The problem is that MANPADS and complexity of IADs makes paratrooping nowadays extremely difficult, although it's still useful in peaceful or in not-totally-fucked-up situations if you want to insert a large amount of people and equipment somewhere without using an airfield. Think a humanitarian situation where a runway could've received damage, you can get engineers and their airfield repair equipment on the ground to repair the airfield. Paratroopers are not super special soldiers but on average they also tend to be a bit better on average, a lot of which comes from having some baseline of volunteering and motivation that cuts a lot of chaff right off the bat. They're given a bit more leeway, have to extensively plan, and have to learn a couple levels up because you could be the dude who gets dropped into Hostomel (lol again) one day, which may or may not be worth keeping.
Not using that kind of parachute? Maybe just let them jump out lol. Jesus. Don't give me the official reasoning it's stupid. Just have them jump out. This shit happens way to often.
so the nog was too retarded to tie his cord all the way?

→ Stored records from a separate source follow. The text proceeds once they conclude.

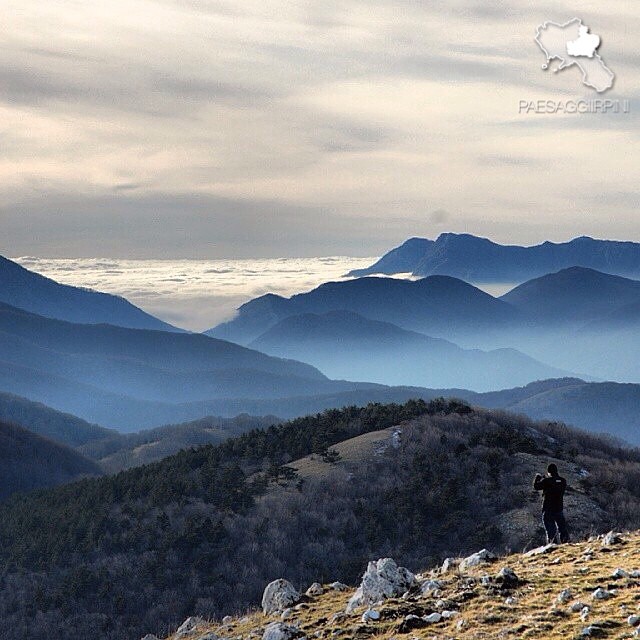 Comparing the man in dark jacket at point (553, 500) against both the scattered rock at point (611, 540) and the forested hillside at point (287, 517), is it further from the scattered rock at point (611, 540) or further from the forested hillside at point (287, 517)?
the forested hillside at point (287, 517)

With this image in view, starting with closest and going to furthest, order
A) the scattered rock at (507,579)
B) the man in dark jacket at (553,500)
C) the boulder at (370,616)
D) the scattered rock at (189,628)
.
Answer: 1. the boulder at (370,616)
2. the scattered rock at (507,579)
3. the scattered rock at (189,628)
4. the man in dark jacket at (553,500)

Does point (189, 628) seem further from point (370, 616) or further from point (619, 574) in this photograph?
point (619, 574)

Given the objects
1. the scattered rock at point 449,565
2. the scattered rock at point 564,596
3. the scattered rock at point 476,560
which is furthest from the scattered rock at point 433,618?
the scattered rock at point 449,565

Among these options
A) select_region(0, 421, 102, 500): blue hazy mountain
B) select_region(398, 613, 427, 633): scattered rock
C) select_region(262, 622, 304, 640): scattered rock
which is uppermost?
select_region(398, 613, 427, 633): scattered rock

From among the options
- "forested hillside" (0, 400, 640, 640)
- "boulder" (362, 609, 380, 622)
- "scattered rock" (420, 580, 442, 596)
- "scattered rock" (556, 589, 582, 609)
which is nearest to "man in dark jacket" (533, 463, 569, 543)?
"scattered rock" (420, 580, 442, 596)

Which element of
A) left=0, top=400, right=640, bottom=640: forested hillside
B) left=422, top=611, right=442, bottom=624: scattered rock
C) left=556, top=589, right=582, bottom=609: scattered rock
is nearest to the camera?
left=556, top=589, right=582, bottom=609: scattered rock

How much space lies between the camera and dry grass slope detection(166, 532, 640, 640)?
650 inches

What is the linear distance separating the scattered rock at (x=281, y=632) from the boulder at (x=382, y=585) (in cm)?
170

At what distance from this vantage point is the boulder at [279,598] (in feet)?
78.8

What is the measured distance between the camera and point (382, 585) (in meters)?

how is nobody checking this before they jump?
why is that retard screaming and them to tie his arm like he is losing blood when it's most likely broken?
looking at this in slow motion. this is incredibly unsafe.

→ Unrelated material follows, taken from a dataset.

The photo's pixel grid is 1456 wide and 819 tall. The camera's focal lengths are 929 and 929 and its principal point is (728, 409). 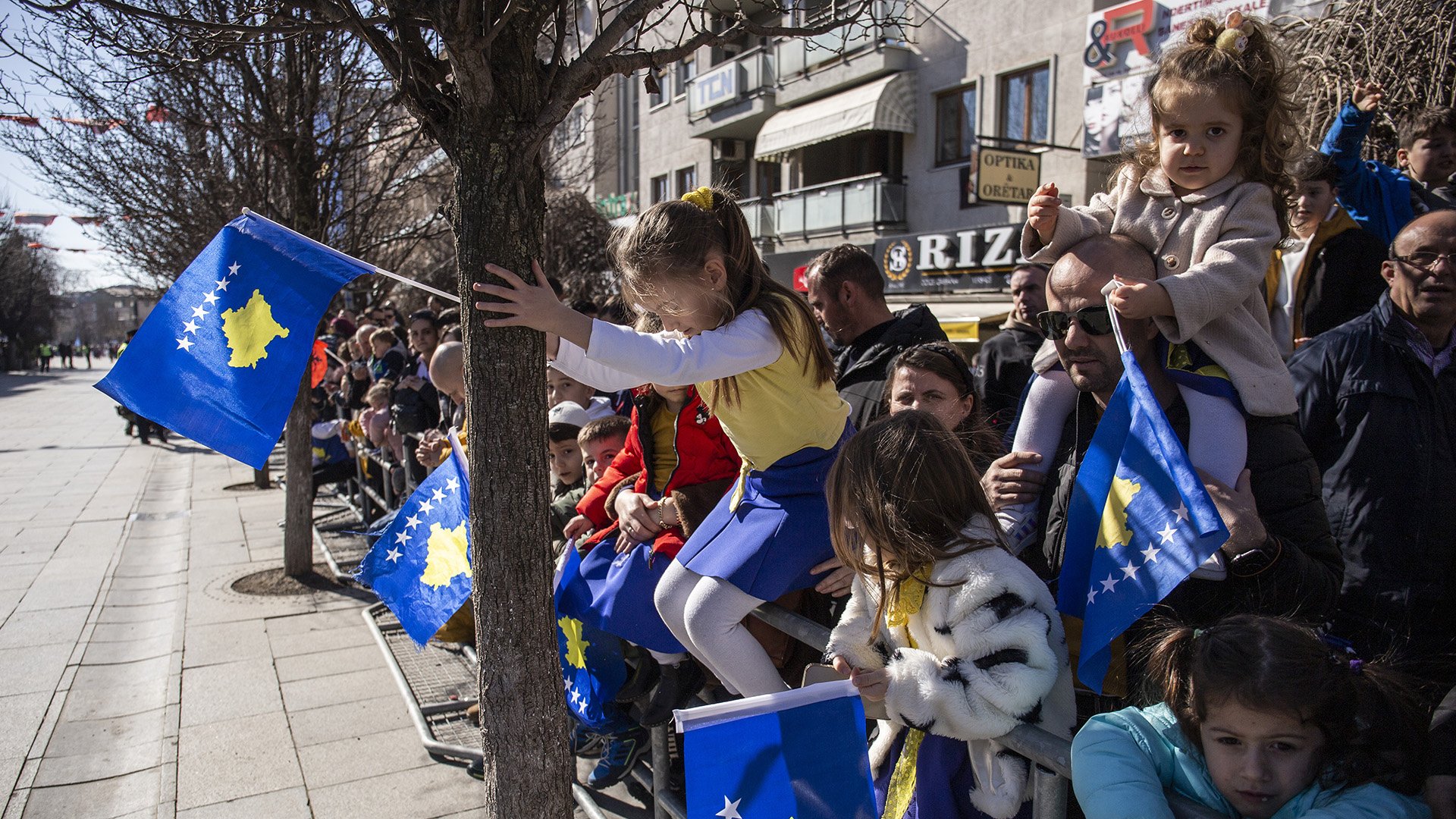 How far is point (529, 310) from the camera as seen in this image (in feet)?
6.77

everyone is jumping while still holding the rope and the rope is wildly swinging around.
how did these retards not figure out how to jump out safely?
in movies they first put their arms to their chest so shit like this doesn't happen.
It takes 1/3 of the time to train someone static line vs free fall. Plus with static line there's less variables as the operator is just there for the ride.
This guy got hung up because he couldn't hold a rope and fall properly, and you want to make him have to hold a rope, fall, orient, judge timing and pull a rope properly. How are you not aware that you're an idiot?
You can train a whole company in 2 weeks vs 6 weeks to train a squad for free fall. For mass insertion static line is faster and doesn't offer any real disadvantages.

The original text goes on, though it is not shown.